Some ideas for fixing the problem had been discussed over many months, but we kept getting stuck on one big detail: how can we possibly make a major change without causing a major breakage, like we had inadvertently done with JEP-200. The exact chronology I do not recall, but I believe that I eventually convinced Daniel that we could cheaply and easily stand up a telemetry service. One which would allow Jenkins instances to give the security team the answers they needed to move forward with a fix. In doing so, I volunteered to write and deploy the backend service (Uplink) which would receive the data.
The entirety of the telemetry system is described in JEP-214, but I want to highlight some specific characteristics of the system.
Privacy is an important trait to both Daniel and I, and we designed this telemetry system with that in mind. In Jenkins core, telemetry is captured and sent as part of “trials.” These trials must have a pre-defined start and end date, which ensures that the Jenkins project stops collecting data after a certain point in time. The trials are supposed to answer questions which drive decision making, not provide behavioral or user-analytics. Instances which opt-out of reporting anonymous usage statistics, naturally will not report telemetry either.
Inside of the payloads sent to Uplink, we send an instance ID. The instance ID allows us to de-duplicate, or observe how data changes within a given trial. For additional privacy, we enhanced this system to generate a different instance ID for each trial, preventing the ability to correlate behavior of a single instance across different trials. I will also note that this enhancement was added after telemetry had been initially released, but we went back after the fact and transformed the instance IDs already in the database to apply our privacy principles evenly.

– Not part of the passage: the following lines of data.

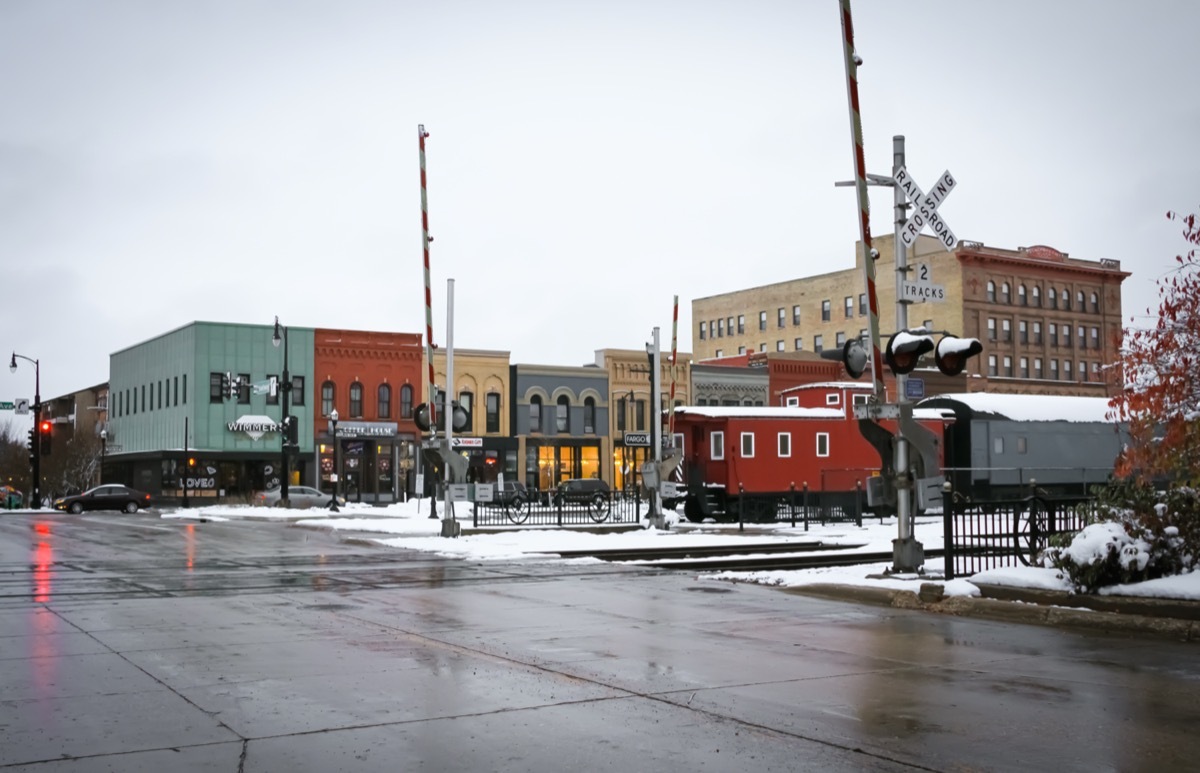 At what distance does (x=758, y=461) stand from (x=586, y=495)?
819 cm

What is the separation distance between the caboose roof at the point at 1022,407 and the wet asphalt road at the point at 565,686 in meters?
32.8

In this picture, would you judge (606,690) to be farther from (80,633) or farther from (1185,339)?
(1185,339)

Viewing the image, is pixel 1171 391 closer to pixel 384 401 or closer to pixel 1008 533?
pixel 1008 533

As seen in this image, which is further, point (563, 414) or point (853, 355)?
point (563, 414)

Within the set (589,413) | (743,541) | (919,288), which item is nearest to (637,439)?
(743,541)

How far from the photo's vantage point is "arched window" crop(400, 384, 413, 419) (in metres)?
72.9

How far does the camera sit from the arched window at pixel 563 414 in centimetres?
7594

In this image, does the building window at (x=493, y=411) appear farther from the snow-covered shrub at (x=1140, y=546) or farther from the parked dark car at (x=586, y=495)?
the snow-covered shrub at (x=1140, y=546)

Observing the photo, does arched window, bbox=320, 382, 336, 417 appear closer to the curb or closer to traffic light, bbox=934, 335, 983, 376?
the curb

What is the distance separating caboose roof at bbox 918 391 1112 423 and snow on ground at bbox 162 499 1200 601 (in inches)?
225

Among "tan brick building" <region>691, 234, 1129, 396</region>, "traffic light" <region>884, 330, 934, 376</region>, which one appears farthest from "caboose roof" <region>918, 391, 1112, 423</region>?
"tan brick building" <region>691, 234, 1129, 396</region>

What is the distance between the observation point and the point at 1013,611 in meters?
12.9

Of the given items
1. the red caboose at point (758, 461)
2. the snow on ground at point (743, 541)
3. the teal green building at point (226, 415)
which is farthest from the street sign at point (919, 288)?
the teal green building at point (226, 415)

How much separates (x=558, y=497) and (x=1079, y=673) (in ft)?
96.6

On the server-side we have designed Uplink to make it easy to delete data.
None our trials are old enough yet to warrant it, but since instances stop
sending data at a certain point, we can truncate tables once we’re finished
implementing the fix which inspired the trial. Uplink also restricts access to
telemetry data to a very select group of people. Since this data could be
valuable for a developer working to improve Jenkins, Uplink allows for
trial-based access control. Should a developer create a new
scripted-noncps-pipeline-usage
trial, we would be able to grant that
developer access to only those events in the Uplink dashboard.
As an aside, I should mention that Uplink is the second Feathers JS service which I have developed. The backend for Jenkins Evergreen being the first. The framework has been enjoyable to use, and I would recommend it for building simple little Node-based microservices.
For just about any piece of software, without information about how the software runs in a real user’s environment, it can be tricky to deliver changes safely. Many people are familiar with this requirement for web applications they own and control, but those distributing software don’t tend to apply the same principles of monitoring and continuous feedback. Adding feedback mechanisms to software running on a user’s machine can be done, but must be done in a way that strives to protect their privacy and allows them to disable it entirely.
With the Jenkins Telemetry system, and the Uplink backend service, I am particularly proud of how we have balanced these concerns while enabling developers to build a better Jenkins!